We quickly started to play together with our two respective instruments, saxophone and drums. Today we are 27 years old, so it’s been … 13 years that we play together.
How did your music change during the time you play together?
Styles have evolved over time, shifting from grunge and punk influences to more repetitive rock forms, even going through a more techno phase. We both studied at the School of Fine Arts in Angers, West France. This is really where the various meetings, concerts seen, records listened started to feed the current project. We worked a lot at that time on performances, sound installations and pictures, while continuing to rehearse and do concerts. We also respectively spent some time in Asia (Beijing, Vietnam, India, Thailand, …) and both lived for few months in West Bengal, India, where classic music and nomadic, traveling street music intersect in the culture, both fascinate us. There are also the many encounters, and the many places in which we have worked: apartment, attic, outdoors, cellars, studio… the environment and the place are very much part of the music!
Does each of you have a specific role within the band?
Yes, Simon is the electronic/wind/microphone part of the project, and Charles the drums and percussion part. Most of our music is born from a search for fusion between these two parts around electronic tunes, or cut from recorded improvisations then looped. Then, we work with a simple but kind of infinite device: an electronic tunes (synth, sample, loop..) turns, the “drums” follows or try to imitate these sounds, while being taken up in effects, creating new possible turning tunes, a kind of endless spiral.
Can you compare ‘Night of the Toacas’ to ‘From 0 to 90’?
Both releases were born out from people asking to release us but we decided to release ‘Night of the Toacas’ ourselves. Before that, we put a lot of energy into concerts but little into recordings. ‘Night of the Toacas’ is the result of an night of improvisation in our studio in the south of Nantes, recorded with 5 or 6 tracks, maximum 3 microphones on very minimalist percussion set (a conga, wooden planks, one tom). ‘From 0 to 90’ starts from the same principle but it is the result of a week of work where we recorded about ten hours of music with quite a bit more instruments and microphones and the desire to do something more precise, organic, an atmosphere, a story from start to finish.
“We like to make sounds that make you want to move your head”
Can you tell me how the recording of ‘From 0 to 90’ went?
A label contacted us following a concert we did at La Brasserie Atlas, Anderlecht, Brussels. A memorable evening for us at the Knotwilg Festival. Coming back from this tour, we spent a short week recording all the sounds we were playing live at the time, while working on organic form of fusion between percussion and electronics. We then worked with our friend DCIM on the mixing. The label finally didn’t release the album but we’re really really happy to have worked with Phantom Limb for the digital release and Knotwilg records for vinyl, two great labels.
You call your music meditative textures.
We like to make sounds that make you want to move your head or dance but we also love to create mental images, atmospheres, “other” spaces. People already told us that our concerts sound like a kind of hypnosis. Or they have had the impression of being taken somewhere else, don’t know if that is meditation but it sounds good.

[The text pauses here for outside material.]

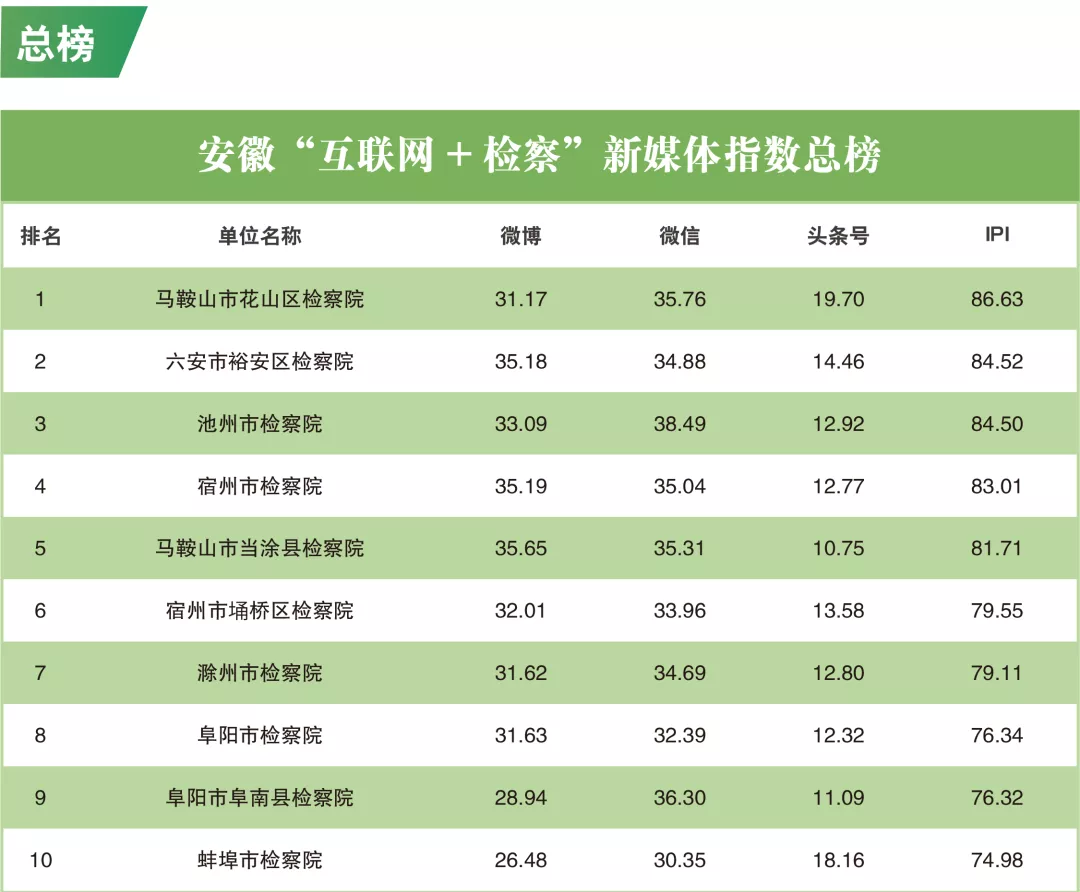 【榜单】2021年12月“互联网+检察”指数安徽省排行榜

You say your music are never jams.
Of course, there is a part of jam in what we do and actually more and more. But we often start from precise “principles”, devices and ideas. However, the concerts are quite more composed, with a more precise timing compared to the material that we currently record.
Your music is a mix between acoustic and electronic elements.
We are really interested in mixing, melting together these different sources, to create moments where we no longer discern “who does what”. We have not yet felt the limit of this research but the duo can take so many imaginable forms that it is possible that one day we will release something 100% acoustic or 100% electronic, or something more rock. It all depends on the mood of the moment and the sounds that excite, electrify us.
Do you see what you do as esoteric music?
Possibly yes, we are very interested in fourth world music and organic ambient music, we also listen a lot of field recordings and traditional musics. We like to design atmospheres like landscapes or scenes. We sometime have fun thinking about a sort of artificial field recordings, traditional music from a parallel world, a parallel age. Maybe more science fiction than esoteric?